Grasshopperで作成した3DジオメトリをGISソフトで活用する際、Heronプラグインは非常に便利です。特に、道路網や河川など、順序が重要なポリラインデータをSHPファイルとしてエクスポートしたいケースは多いでしょう。今回は、そのHeronを使って順序付き曲線を3D SHPファイルとして出力する際に遭遇する可能性のある問題と、その対処法について深掘りします。
HeronでのSHPエクスポート、まさかのエラー?
あるユーザーが、Grasshopperで作成した順序付けされたポリラインのリストをHeronのExport SHPコンポーネントで出力しようとしたところ、エラーが発生しました。リストを直接接続するとエラーになるのですが、不思議なことに、そのリストをFlatten Treeコンポーネントで平坦化すると問題なくエクスポートできるとのこと。しかし、これではせっかくの順序情報が失われてしまいます。GISで分析を行う上で、データの順序は非常に重要です。

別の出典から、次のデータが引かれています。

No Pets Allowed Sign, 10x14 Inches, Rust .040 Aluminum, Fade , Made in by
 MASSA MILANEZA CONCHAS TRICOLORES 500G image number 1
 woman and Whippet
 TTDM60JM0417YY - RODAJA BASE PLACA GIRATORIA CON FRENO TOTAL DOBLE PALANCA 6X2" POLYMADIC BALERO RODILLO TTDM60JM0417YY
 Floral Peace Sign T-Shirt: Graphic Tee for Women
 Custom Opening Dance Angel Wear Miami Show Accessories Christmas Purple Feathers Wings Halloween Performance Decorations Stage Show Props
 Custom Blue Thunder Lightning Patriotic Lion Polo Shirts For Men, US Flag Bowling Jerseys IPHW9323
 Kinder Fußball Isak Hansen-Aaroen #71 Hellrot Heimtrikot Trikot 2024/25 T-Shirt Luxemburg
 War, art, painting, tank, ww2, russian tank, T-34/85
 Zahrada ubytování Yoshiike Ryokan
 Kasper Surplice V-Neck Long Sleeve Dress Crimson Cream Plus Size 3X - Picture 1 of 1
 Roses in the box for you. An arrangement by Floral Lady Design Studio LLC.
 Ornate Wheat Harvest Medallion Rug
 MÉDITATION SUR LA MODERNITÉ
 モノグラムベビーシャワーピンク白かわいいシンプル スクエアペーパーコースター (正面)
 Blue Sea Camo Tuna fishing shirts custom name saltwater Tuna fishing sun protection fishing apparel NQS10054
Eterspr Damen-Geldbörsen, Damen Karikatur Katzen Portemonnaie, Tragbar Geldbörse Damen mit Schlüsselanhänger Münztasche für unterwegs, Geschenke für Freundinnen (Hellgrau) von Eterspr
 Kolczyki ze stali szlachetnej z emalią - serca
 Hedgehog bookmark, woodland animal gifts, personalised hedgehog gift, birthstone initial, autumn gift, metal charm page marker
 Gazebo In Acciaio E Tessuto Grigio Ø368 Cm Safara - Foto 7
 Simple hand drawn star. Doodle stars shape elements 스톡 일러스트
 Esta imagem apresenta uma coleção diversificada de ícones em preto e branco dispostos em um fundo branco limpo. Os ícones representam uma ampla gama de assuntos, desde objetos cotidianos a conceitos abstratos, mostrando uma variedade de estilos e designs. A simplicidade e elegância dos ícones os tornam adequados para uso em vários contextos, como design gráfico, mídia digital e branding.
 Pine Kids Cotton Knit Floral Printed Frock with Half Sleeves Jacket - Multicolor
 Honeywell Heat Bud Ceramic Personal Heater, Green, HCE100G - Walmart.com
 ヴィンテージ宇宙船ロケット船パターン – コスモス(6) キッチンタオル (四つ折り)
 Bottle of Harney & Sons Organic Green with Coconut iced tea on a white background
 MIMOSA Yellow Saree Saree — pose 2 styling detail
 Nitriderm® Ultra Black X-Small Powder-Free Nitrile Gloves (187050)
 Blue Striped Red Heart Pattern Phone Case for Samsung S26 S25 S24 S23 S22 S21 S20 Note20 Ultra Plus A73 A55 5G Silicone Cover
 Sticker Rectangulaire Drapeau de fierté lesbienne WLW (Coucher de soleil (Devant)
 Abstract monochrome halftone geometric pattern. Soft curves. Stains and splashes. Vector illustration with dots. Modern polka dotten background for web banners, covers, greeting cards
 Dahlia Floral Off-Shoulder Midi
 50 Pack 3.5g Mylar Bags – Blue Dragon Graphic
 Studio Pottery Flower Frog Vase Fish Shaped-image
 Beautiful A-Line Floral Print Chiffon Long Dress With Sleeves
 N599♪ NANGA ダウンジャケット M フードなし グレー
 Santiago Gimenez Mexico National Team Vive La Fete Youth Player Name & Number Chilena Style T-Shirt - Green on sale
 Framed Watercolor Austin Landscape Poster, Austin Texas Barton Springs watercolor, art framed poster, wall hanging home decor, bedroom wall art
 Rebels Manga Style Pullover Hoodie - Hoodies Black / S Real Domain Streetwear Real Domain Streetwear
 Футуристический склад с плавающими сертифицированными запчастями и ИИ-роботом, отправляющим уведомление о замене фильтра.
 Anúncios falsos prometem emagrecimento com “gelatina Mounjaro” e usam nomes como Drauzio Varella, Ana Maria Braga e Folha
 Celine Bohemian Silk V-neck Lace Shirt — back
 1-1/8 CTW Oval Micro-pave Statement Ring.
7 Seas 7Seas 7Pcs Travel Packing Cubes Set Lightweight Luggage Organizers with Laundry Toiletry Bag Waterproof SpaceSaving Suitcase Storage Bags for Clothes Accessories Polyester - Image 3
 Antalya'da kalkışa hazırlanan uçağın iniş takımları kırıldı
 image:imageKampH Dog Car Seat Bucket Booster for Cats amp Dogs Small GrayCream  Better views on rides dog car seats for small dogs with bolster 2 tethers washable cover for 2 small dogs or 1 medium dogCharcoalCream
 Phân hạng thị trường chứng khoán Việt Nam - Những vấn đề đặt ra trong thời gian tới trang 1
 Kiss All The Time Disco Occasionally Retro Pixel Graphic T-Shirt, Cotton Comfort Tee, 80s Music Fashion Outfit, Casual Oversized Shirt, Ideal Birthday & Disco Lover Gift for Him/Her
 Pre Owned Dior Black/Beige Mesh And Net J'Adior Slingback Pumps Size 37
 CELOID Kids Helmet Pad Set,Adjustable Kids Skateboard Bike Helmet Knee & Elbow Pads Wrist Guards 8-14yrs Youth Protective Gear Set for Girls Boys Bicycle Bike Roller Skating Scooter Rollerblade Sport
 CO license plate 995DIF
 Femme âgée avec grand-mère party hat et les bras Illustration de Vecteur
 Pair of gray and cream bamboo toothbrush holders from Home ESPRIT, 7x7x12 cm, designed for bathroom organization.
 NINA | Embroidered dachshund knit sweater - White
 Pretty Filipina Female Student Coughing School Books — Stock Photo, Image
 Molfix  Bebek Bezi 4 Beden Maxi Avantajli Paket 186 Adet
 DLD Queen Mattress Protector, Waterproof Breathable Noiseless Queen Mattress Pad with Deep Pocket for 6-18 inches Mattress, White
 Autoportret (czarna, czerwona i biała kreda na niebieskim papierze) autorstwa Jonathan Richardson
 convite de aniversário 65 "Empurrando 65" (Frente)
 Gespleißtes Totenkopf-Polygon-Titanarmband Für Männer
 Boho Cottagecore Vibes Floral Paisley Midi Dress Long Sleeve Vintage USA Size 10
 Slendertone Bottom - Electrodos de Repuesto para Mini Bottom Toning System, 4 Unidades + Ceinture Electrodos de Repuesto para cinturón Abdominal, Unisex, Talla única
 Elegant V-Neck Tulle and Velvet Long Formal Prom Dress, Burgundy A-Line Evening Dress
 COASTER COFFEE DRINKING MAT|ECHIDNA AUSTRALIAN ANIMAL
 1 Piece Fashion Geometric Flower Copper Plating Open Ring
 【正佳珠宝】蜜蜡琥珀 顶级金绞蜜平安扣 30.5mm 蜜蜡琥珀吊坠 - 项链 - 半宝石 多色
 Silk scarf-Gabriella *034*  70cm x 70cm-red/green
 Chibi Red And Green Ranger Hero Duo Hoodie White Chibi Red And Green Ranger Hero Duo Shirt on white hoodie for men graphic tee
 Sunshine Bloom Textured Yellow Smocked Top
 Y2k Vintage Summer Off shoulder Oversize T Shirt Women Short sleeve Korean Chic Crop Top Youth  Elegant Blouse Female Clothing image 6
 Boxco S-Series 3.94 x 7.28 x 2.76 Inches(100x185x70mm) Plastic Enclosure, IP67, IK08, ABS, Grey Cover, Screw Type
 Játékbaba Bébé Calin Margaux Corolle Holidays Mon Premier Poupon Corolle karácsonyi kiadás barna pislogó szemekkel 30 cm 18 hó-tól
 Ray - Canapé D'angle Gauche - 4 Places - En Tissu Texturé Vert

HeronとGrasshopperのデータツリー構造のギャップ
この問題の根源は、Grasshopperのデータツリー構造とHeronコンポーネントの入力要件の間にギャップがあると考えられます。Grasshopperではデータはツリー構造で管理されますが、外部連携系のプラグインは、入力として特定の形式(例えば完全にフラットなリストや、特定の深さのツリー構造)を期待することがあります。HeronのExport SHPコンポーネントも、順序付きリストをそのまま受け入れる際に、内部的な処理で不整合を起こしている可能性があります。
順序を保ちつつエクスポートする工夫
では、順序を保ったままエクスポートするにはどうすれば良いでしょうか。一つのアプローチは、エクスポートしたい曲線のリストをSift PatternやPartition Listなどのコンポーネントで、Heronが一度に処理できるような小さなチャンクに分割し、それぞれを順番にエクスポートする方法です。あるいは、リストの各アイテムにSeriesコンポーネントで生成した一意のIDを割り当て、HeronでSHPファイルに出力する際に属性情報として含めることで、QGISなどのGISソフトウェアで再度順序を復元することも有効です。
まとめ:Heronを使いこなすために
Heronは非常に強力なツールですが、Grasshopperの複雑なデータツリー構造との連携には工夫が必要です。今回のケースのように、リストの順序を維持しつつSHPファイルとしてエクスポートする際には、Heronの入力要件を理解し、必要に応じてリスト構造を適切に加工するスキルが求められます。このTipsを活用し、GrasshopperとGISの連携をよりスムーズに進めていきましょう。